Cross-Tested Retirement Plans

    • What is a cross-tested plan?

      “Cross-testing” is a term used by the IRS to describe a retirement plan (usually a profit-sharing plan) that has different contribution percentages for different groups of employees. For example, the business owners may want to contribute 25 percent of compensation for themselves but only 5 percent of compensation for each of the other employees.

      Retirement plans cannot discriminate against non-highly compensated employees; therefore, plans must prove nondiscrimination by testing benefits across the various groups. This can sometimes allow the business owners (or favored employee groups) to have larger contributions than the rest of the employees.

    • What are the benefits of a cross-tested plan?

      One of the benefits of cross-tested plan is that, if the company owner is older than the average age of the other employees, he or she can often contribute at a higher rate. With fewer years to accumulate, his or her individual contribution must be higher than the other employees in order to get the same level of benefits at retirement age. In some cases, a cross-tested plan can be created even if the average employee age is higher than the business owner.

    • Who may establish a cross-tested plan?

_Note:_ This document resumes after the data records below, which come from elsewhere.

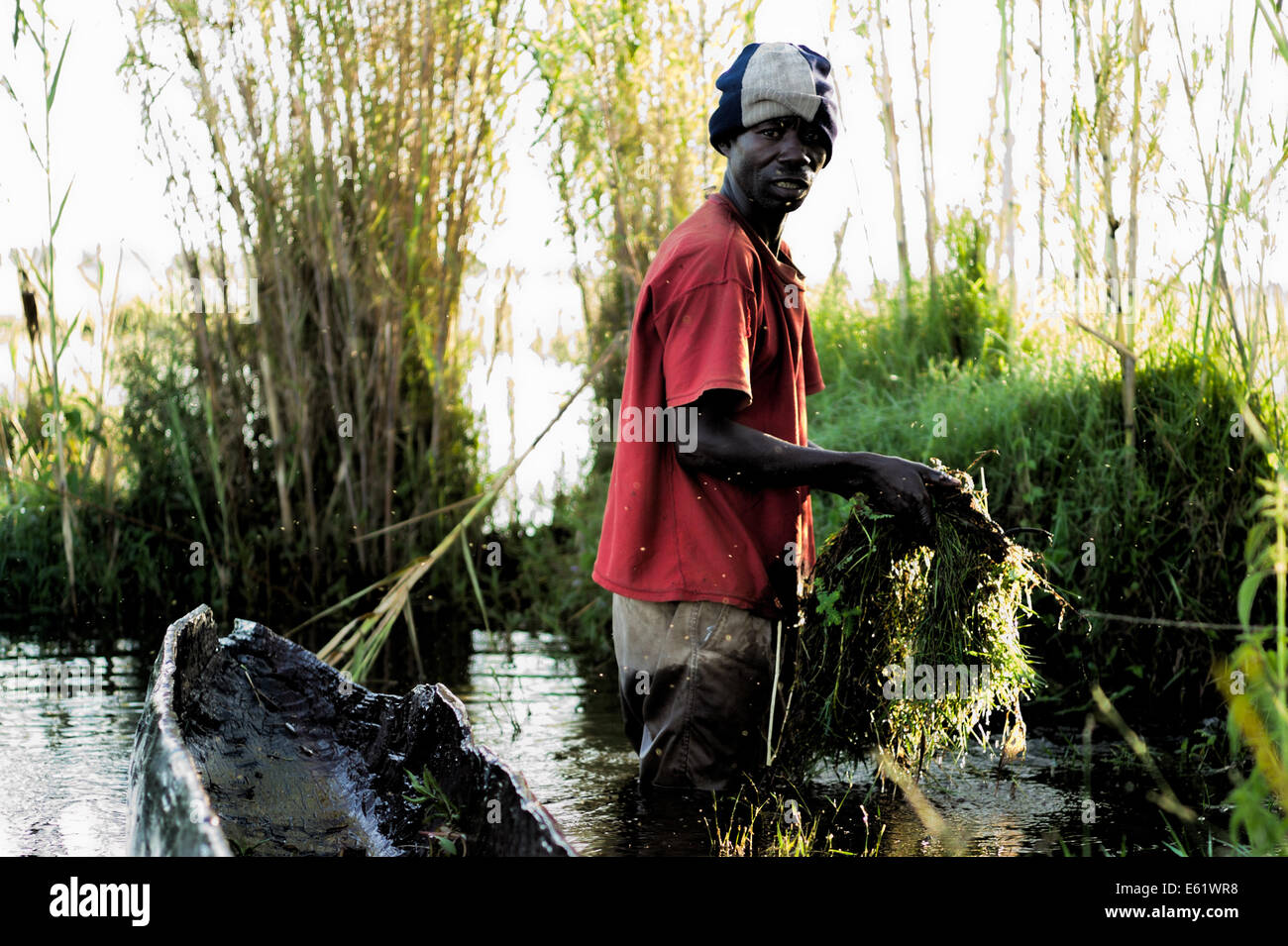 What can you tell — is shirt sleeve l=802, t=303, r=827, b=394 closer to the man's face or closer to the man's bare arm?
the man's face

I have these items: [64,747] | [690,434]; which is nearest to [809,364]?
[690,434]

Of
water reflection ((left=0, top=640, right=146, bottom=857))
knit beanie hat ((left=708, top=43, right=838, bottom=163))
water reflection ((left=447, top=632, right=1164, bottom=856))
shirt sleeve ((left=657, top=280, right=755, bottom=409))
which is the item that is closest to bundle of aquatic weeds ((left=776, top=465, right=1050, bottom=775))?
water reflection ((left=447, top=632, right=1164, bottom=856))

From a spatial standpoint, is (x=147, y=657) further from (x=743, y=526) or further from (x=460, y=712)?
(x=743, y=526)

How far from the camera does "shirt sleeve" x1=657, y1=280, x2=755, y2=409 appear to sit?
2.83m

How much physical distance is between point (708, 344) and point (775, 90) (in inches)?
26.8

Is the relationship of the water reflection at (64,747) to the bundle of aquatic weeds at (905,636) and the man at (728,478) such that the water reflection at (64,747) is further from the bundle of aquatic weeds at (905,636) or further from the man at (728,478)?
the bundle of aquatic weeds at (905,636)

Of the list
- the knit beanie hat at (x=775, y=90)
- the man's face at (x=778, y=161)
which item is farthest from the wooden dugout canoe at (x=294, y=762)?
the knit beanie hat at (x=775, y=90)

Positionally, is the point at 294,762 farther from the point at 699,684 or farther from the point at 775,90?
the point at 775,90

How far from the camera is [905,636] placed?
3164 mm

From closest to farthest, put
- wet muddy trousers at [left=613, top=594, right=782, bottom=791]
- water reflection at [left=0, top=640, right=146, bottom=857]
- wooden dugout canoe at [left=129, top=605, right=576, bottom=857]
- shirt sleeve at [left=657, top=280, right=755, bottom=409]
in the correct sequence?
wooden dugout canoe at [left=129, top=605, right=576, bottom=857], shirt sleeve at [left=657, top=280, right=755, bottom=409], wet muddy trousers at [left=613, top=594, right=782, bottom=791], water reflection at [left=0, top=640, right=146, bottom=857] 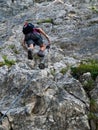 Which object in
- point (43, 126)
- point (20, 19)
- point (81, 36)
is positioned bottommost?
point (20, 19)

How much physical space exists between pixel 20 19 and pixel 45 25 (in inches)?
183

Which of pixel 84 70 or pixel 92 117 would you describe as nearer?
pixel 92 117

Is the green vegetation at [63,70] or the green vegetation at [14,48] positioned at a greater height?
the green vegetation at [63,70]

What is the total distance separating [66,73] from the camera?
20.2 m

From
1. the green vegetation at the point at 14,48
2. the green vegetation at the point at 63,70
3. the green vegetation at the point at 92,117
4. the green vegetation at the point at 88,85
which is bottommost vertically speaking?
the green vegetation at the point at 14,48

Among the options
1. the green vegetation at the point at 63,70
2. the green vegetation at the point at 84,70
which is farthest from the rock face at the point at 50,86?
the green vegetation at the point at 84,70

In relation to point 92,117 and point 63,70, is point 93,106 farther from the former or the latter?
point 63,70

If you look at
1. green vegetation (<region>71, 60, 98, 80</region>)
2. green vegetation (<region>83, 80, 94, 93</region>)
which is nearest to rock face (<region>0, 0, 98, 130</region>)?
green vegetation (<region>83, 80, 94, 93</region>)

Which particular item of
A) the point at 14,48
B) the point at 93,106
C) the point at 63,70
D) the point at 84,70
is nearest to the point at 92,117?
the point at 93,106

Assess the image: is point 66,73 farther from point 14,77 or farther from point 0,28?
point 0,28

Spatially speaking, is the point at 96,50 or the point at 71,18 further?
the point at 71,18

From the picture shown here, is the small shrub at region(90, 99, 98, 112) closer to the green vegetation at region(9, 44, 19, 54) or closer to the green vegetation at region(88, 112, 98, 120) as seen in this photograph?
the green vegetation at region(88, 112, 98, 120)

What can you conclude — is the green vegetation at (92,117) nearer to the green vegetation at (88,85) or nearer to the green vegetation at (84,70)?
the green vegetation at (88,85)

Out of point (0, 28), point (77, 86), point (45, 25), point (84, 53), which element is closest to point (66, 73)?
point (77, 86) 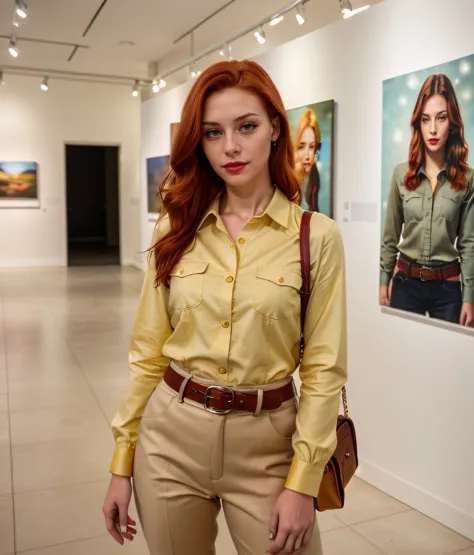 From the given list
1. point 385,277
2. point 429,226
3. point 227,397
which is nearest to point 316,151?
point 385,277

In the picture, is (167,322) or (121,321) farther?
(121,321)

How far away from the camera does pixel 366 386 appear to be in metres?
4.10

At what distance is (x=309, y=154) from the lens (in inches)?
183

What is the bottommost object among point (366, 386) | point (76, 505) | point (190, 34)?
point (76, 505)

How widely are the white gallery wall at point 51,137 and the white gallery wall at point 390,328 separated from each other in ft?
36.2

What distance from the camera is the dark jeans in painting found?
3.41m

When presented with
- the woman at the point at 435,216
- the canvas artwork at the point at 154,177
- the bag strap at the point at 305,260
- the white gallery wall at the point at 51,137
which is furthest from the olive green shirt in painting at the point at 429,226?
the white gallery wall at the point at 51,137

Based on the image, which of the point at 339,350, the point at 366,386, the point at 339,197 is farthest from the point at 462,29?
the point at 339,350

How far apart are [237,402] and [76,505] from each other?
102 inches

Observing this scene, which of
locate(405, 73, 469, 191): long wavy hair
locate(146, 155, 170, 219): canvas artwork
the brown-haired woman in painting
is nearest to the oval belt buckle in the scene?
locate(405, 73, 469, 191): long wavy hair

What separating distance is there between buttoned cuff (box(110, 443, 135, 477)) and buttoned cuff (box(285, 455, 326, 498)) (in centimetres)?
47

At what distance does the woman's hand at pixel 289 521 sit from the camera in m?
1.50

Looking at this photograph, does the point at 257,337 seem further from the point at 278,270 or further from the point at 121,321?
the point at 121,321

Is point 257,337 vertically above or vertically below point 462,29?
below
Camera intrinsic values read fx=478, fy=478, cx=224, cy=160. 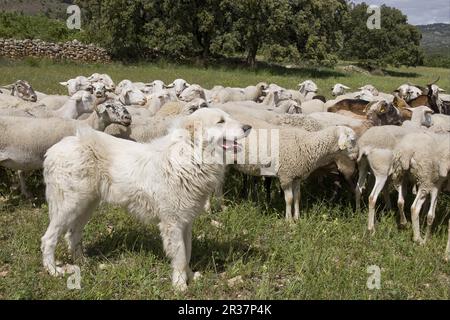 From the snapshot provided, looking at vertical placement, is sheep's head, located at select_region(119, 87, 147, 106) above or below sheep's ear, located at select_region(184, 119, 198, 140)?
below

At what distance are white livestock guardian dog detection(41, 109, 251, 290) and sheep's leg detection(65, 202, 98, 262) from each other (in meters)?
0.20

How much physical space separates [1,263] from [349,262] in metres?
3.73

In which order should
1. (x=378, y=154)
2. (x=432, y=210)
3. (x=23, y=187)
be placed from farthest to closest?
(x=23, y=187) → (x=378, y=154) → (x=432, y=210)

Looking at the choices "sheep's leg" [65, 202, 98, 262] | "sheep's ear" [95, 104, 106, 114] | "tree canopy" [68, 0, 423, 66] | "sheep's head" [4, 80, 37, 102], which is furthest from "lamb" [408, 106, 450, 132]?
"tree canopy" [68, 0, 423, 66]

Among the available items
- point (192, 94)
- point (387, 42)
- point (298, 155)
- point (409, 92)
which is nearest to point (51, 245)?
point (298, 155)

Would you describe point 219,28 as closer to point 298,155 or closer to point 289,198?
point 298,155

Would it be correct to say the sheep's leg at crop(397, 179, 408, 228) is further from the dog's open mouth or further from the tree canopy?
the tree canopy

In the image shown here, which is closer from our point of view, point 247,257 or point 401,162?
point 247,257

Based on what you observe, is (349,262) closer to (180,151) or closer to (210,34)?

      Any employer is eligible to establish a cross-tested plan.

    • Who may participate in a cross-tested plan?

      Both employers and employees may participate in this plan.

    • How is a cross-tested plan established?
      1. Adopt a written plan, called the plan document, which outlines its day-to-day operations.
      2. Identify a plan provider and/or trust for the plan’s assets and investments.
      3. Select a recordkeeper or recordkeeping system to track contributions, earnings and losses, and distributions. This person or entity will also help prepare the annual return, which must be filed with the federal government.
      4. Select a third party administrator to maintain the retirement plan document, fulfill daily tasks and ensure compliance with federal regulations. Your financial advisor may choose a third-party administrator and/or recordkeeper on your behalf.
      5. Provide eligible employees, or plan participants, with a summary plan document (SPD), which is the document that outlines who can participate and how the plan works.

      The written plan also provides a central document, or collection of documents, which explains the rights of the employees and employee eligibility for participating in the plan and enables government agencies to determine whether it satisfies applicable laws.

      If the plan allocates responsibilities for performing administrative functions to other parties, such allocation must identify who is responsible for ensuring compliance with the requirements of the tax code, including compliance requirements for loans and distributions.

      In the case of funding through multiple financial institutions, the employer may adopt a single written plan to coordinate administration among the financial institutions, rather than having a separate document for each issuer.